■ Task:
Your answer should be the lines of the material that include the word "which".

Segment Open

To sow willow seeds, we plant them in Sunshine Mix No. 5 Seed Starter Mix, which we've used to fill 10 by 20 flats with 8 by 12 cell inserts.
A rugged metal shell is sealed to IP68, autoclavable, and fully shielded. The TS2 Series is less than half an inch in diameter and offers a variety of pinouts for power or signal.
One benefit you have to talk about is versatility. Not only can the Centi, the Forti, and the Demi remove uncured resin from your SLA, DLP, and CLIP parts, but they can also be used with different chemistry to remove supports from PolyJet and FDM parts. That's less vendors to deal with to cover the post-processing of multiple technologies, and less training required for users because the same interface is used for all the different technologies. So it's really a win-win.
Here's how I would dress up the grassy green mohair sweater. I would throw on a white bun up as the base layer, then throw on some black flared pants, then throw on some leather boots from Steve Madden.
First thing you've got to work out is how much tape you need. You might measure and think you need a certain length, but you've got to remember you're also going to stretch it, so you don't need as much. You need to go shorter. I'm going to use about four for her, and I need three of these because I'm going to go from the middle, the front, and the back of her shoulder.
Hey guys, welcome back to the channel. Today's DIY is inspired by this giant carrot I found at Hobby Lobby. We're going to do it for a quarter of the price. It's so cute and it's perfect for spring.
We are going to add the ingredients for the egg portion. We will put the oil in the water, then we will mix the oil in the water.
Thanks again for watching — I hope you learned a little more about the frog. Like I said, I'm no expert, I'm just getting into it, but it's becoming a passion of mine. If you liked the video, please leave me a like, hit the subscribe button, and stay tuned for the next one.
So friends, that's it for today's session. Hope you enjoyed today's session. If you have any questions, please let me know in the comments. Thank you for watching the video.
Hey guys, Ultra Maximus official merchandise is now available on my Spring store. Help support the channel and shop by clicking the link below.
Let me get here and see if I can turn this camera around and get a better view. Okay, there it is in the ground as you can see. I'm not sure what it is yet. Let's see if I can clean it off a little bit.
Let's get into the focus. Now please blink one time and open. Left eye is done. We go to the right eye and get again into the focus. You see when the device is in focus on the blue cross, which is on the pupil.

Segment Closed

■ Result of the task:
To sow willow seeds, we plant them in Sunshine Mix No. 5 Seed Starter Mix, which we've used to fill 10 by 20 flats with 8 by 12 cell inserts.
Let's get into the focus. Now please blink one time and open. Left eye is done. We go to the right eye and get again into the focus. You see when the device is in focus on the blue cross, which is on the pupil.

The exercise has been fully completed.